▶ _Exercise_:
Gather each line of the records where "Flat" appears.
START Given entries
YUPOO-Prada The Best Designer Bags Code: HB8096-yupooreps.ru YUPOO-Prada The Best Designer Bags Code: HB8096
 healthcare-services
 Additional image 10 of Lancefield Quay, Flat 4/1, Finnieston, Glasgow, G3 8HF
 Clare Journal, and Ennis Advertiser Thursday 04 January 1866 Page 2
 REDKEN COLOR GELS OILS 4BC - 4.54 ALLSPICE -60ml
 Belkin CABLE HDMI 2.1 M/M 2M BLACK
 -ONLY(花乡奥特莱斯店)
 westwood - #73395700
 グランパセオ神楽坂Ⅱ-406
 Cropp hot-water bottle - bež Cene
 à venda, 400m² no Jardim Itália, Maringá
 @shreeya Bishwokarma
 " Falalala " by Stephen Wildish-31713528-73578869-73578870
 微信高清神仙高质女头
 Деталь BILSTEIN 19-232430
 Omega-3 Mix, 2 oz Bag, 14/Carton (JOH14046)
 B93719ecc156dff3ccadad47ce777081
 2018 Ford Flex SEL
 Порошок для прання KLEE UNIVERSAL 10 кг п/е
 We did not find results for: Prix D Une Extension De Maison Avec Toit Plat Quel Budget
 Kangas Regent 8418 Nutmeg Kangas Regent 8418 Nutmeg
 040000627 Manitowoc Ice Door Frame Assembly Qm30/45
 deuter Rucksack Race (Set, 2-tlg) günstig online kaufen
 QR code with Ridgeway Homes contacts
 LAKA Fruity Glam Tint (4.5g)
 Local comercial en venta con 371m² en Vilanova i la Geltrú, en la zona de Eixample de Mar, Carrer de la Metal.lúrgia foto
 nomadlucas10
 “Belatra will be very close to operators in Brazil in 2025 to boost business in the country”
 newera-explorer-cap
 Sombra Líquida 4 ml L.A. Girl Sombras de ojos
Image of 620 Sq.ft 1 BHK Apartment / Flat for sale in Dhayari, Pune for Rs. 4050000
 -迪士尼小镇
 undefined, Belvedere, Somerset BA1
END Given entries
▶ _Written answer_:
 Additional image 10 of Lancefield Quay, Flat 4/1, Finnieston, Glasgow, G3 8HF
Image of 620 Sq.ft 1 BHK Apartment / Flat for sale in Dhayari, Pune for Rs. 4050000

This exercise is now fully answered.